Choose the Correct Strategy

Once you know what type of employment you're looking for, you're ready to start seeking a position. Research has shown the most successful job seekers use a variety of these job-seeking strategies:

  • Direct Employer Contact: Research and identify employers for whom you'd like to work. Contact each employer by letter or phone, indicate how you can be of value and ask for an opportunity to visit and discuss employment opportunities.
  • Use Your Network: Contacting as many people as possible is a highly effective way to find a job. It is estimated that 50% or higher of all jobs are found through networking. Contact your relatives, friends and professional colleagues and ask them to share valuable advice and employment information. Remember, the more people working with you, the more leads you can produce.
  • Employment Recruiters: Contact employment recruiters who place people in your career field and industry.
  • State Employment Service: Each state offers a wide variety of information and assistance designed to help you find employment. Check out their career centers for valuable information on career and industry trends, salary surveys, job-hunting tips, interview techniques and more.
  • Online Job Portals: These online job portals have made the process of job hunting much more convenient by maintaining a huge database of all available jobs at one place. By following some simple steps, a job seeker can submit his/her resume and the rest is to be done by that job portal. The benefits of applying on online job portal include:
  1. Online job application process is time saving
  2. You get relevant jobs that match your qualification
  3. You get fast reply
  4. The database is not restricted to any particular industry or region
  5. Jobs are well sorted as per different parameters for accurate match
  6. This process is free of cost
  • Placement Office: If you're a college graduate, contact your placement office and inquire about employment assistance, including job leads, available to graduates and alumni.
  • Professional Associations: If you work in a professional career field, several state or national associations likely exist and provide career information and services to members. Find associations in your field through your local library and contact them to ask about employment assistance.
  • Job Hotlines: Employers nationwide have created job hotlines that you can call -- usually via a toll-free number -- to learn about employment openings.

 

 

Job-Hunting Strategies That Really Don’t Work

 

The following strategies that can hurt your chances of getting a job offer:

 

Applying to Every Job You See

 

You may figure the more resumes you send out, the better your odds are that one of them will get a response. That’s only true if all the resumes you submit are for jobs you can actually do. Applying indiscriminately to every position being advertised accomplishes little more than wasting your time and the recruiter’s.

 

Overloading Your Resume

 

Many job hunters think the more words they cram into their resume the more impressive it will look.

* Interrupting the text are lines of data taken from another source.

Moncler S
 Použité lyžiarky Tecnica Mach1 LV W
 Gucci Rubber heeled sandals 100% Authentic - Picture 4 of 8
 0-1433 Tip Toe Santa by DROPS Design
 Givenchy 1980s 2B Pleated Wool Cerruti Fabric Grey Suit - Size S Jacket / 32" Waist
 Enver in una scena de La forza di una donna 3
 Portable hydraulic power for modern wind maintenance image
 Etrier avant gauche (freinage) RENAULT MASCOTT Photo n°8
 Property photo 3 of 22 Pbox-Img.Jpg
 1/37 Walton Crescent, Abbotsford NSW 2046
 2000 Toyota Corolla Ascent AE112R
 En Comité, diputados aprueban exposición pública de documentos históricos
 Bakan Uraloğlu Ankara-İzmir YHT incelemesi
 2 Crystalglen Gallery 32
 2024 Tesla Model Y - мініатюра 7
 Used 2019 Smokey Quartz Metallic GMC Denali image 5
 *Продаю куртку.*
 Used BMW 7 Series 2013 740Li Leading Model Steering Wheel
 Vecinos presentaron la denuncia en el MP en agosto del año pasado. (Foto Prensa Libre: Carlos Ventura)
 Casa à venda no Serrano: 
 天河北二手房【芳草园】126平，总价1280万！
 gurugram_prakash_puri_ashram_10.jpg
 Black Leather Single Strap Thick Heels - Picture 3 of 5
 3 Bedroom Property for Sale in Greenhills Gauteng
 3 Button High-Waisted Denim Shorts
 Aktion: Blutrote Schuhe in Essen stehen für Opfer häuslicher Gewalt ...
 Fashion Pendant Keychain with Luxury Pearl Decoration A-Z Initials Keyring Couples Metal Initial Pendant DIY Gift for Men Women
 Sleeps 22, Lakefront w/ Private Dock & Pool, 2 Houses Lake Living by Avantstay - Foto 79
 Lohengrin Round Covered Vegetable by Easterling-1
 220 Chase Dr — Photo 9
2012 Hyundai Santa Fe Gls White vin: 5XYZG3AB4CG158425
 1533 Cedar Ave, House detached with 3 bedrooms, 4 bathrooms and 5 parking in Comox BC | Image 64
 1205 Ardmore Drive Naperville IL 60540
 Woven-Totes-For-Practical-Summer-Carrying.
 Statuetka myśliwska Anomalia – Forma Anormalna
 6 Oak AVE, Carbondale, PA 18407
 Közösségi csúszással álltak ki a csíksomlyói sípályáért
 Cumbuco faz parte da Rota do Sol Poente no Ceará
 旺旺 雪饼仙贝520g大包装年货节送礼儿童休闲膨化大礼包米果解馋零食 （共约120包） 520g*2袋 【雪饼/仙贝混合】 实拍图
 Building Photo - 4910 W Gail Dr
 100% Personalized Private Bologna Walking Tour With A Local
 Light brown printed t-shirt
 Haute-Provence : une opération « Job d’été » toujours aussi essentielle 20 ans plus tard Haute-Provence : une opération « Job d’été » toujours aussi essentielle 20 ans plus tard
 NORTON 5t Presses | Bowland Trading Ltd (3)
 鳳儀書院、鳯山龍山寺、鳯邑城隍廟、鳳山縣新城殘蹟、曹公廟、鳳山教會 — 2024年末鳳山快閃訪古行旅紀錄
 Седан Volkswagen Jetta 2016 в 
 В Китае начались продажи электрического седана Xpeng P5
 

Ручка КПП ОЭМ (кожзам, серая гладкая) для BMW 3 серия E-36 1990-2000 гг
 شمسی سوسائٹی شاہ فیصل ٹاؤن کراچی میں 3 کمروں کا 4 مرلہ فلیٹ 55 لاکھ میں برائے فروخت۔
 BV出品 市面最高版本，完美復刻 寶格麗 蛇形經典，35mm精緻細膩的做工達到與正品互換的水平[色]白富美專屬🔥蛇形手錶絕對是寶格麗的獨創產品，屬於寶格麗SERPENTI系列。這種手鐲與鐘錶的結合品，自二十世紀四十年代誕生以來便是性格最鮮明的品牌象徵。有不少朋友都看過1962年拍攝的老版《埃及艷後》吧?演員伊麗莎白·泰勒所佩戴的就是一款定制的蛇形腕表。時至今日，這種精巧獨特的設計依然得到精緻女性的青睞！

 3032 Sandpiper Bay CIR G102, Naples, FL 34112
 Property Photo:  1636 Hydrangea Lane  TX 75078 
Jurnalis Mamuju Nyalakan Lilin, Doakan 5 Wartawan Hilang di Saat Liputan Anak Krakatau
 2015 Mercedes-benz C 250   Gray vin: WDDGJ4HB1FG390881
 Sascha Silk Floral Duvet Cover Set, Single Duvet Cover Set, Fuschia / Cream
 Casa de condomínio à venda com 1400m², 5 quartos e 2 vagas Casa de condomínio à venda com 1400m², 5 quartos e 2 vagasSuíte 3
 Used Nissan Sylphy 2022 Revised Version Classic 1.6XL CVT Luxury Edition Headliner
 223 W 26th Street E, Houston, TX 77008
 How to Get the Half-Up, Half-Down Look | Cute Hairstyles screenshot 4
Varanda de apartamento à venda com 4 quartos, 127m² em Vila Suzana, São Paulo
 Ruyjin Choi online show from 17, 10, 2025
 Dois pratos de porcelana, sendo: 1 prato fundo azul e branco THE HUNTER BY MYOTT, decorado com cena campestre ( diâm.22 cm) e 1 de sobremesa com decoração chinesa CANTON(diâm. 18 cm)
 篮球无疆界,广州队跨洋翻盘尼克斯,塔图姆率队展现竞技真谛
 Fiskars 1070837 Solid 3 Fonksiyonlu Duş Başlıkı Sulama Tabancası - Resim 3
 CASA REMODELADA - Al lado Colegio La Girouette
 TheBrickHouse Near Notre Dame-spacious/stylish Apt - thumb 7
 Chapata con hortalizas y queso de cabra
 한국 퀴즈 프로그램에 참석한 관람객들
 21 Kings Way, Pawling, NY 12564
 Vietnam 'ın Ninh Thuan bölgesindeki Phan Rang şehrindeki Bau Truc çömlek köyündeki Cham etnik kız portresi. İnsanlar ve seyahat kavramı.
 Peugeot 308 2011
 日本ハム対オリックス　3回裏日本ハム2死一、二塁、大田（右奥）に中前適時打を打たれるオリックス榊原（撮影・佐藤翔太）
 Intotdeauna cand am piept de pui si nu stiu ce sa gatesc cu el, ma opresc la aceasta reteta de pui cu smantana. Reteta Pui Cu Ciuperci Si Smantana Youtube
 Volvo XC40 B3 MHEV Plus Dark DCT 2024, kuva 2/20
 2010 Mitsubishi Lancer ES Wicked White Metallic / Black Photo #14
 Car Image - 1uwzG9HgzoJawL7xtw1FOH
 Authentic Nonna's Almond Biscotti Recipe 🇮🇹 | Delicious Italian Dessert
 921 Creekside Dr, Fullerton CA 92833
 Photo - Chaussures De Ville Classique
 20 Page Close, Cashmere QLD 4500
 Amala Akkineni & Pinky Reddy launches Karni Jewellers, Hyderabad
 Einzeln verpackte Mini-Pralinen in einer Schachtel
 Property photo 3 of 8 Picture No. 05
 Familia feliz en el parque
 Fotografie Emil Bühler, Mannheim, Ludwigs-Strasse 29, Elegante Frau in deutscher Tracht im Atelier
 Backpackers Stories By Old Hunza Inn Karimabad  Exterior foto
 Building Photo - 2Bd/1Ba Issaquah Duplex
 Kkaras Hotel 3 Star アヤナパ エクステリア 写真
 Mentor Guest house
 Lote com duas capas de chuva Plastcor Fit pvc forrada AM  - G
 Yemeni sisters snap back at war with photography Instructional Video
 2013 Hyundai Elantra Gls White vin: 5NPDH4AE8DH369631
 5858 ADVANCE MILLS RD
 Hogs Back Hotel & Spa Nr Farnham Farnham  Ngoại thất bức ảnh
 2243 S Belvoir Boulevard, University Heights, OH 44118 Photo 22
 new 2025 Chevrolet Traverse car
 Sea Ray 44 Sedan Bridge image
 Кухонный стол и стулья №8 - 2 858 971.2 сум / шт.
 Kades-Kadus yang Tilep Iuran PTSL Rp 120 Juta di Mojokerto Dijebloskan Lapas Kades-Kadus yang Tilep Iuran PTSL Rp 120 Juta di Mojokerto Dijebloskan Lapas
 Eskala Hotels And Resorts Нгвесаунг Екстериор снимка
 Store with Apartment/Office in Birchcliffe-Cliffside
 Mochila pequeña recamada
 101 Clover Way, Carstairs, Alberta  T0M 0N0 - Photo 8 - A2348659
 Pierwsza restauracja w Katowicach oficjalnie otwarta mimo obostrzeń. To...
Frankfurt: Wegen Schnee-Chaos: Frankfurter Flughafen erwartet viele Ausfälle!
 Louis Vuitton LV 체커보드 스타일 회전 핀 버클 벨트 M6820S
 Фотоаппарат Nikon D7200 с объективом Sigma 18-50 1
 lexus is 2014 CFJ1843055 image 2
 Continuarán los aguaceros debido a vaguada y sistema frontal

There are two things wrong with that idea. First, in this tough job market, employers want a specialist to fill a particular niche, as opposed to a candidate who claims they can do everything. Second, recruiters just don't have time to wade through long resumes, which means the short ones get read first and more often. You may indeed have the exact skills required, but if they're buried in a mountain of irrelevant details, chances are the recruiter will never see them.

 

Mistaking Nagging for Eagerness

 

It’s true that you’re expected to follow up at key stages in the recruiting process. But nobody wants you to contact them every single day and remind them of your interest, get a progress report, share additional information about yourself or learn more about the job. That's not being enthusiastic—that’s being a pest. Equally irritating actions include sending a gift, making a Facebook friend request and overnighting or hand-delivering materials.

 

Approaching Strangers on Social Media

 

Reaching out to strangers on social media like LinkedIn to ask them to refer you into their company.

 

Using the Identical Resume

 

Using the same resume for every job you apply for is also a bad strategy and pointless.